I know the process upset you, and that's unfortunate, but this doesn't sound like it was handled particularly unprofessionally.

I think you provided some useful information about what happens with the transcript, but I would say that if jury duty is handled in a way that makes the OP feel "the most uncomfortable I have felt in a long time," there is something very much wrong with the process. No one is saying that the rights of the defendant and the need for a fair trial are unimportant, but there are basic practices that weren't followed here like informing the jurors that they can request to answer questions in private if there is a sensitive matter they don't want to talk about in person. A sexual assault victim absolutely does not deserve to be embarrassed as a result of being called for jury duty beyond the minimum amount of sensitive questioning to establish whether he or she is able to act as an impartial juror. Not humiliating the jurors is a reasonable thing for a judge to be concerned with, and it's awfully condescending to dismiss the OP's obviously real discomfort as part of the price of a fair trial. Certainly, greater sensitivity on the part of the judge wouldn't have prejudiced the defendant in any way.
posted by zachlipton at 12:45 AM on March 28, 2011 [4 favorites]

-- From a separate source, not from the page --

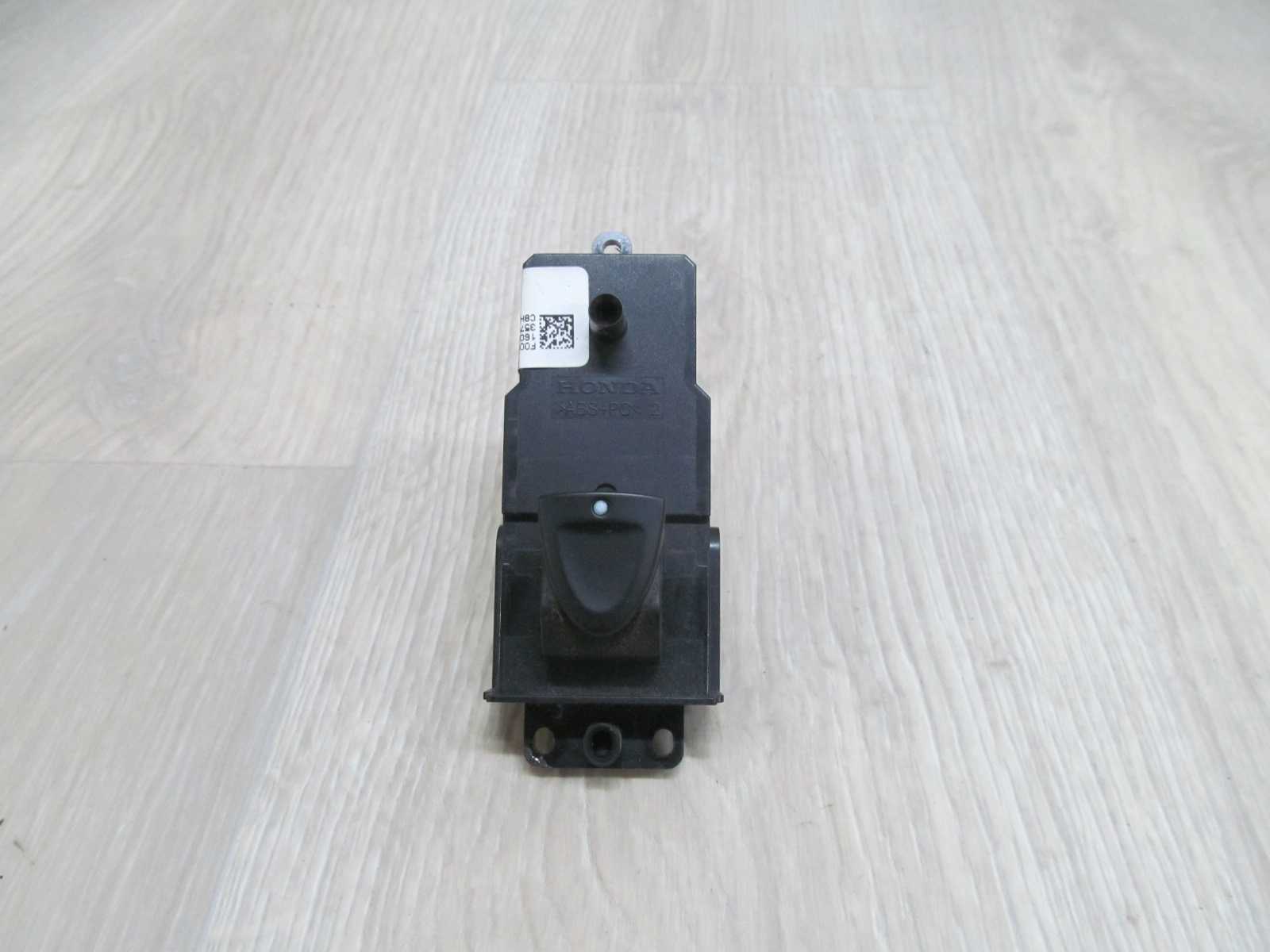 HONDA CIVIC VIII UFO 06-11 PRZELACZNIK SZYBY PRAWY TYL 83790SMGE020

Anon, you may wish to contact the Victims' Assistance Services in your city when you write the judge--they may be able to help you both with info to include and let you know if there's anyone else you should contact about this.

I'm so sorry you had to go through this, and I really admire your bravery in being honest, standing up for yourself, and going forward to contact the judge to let him know how it affected you.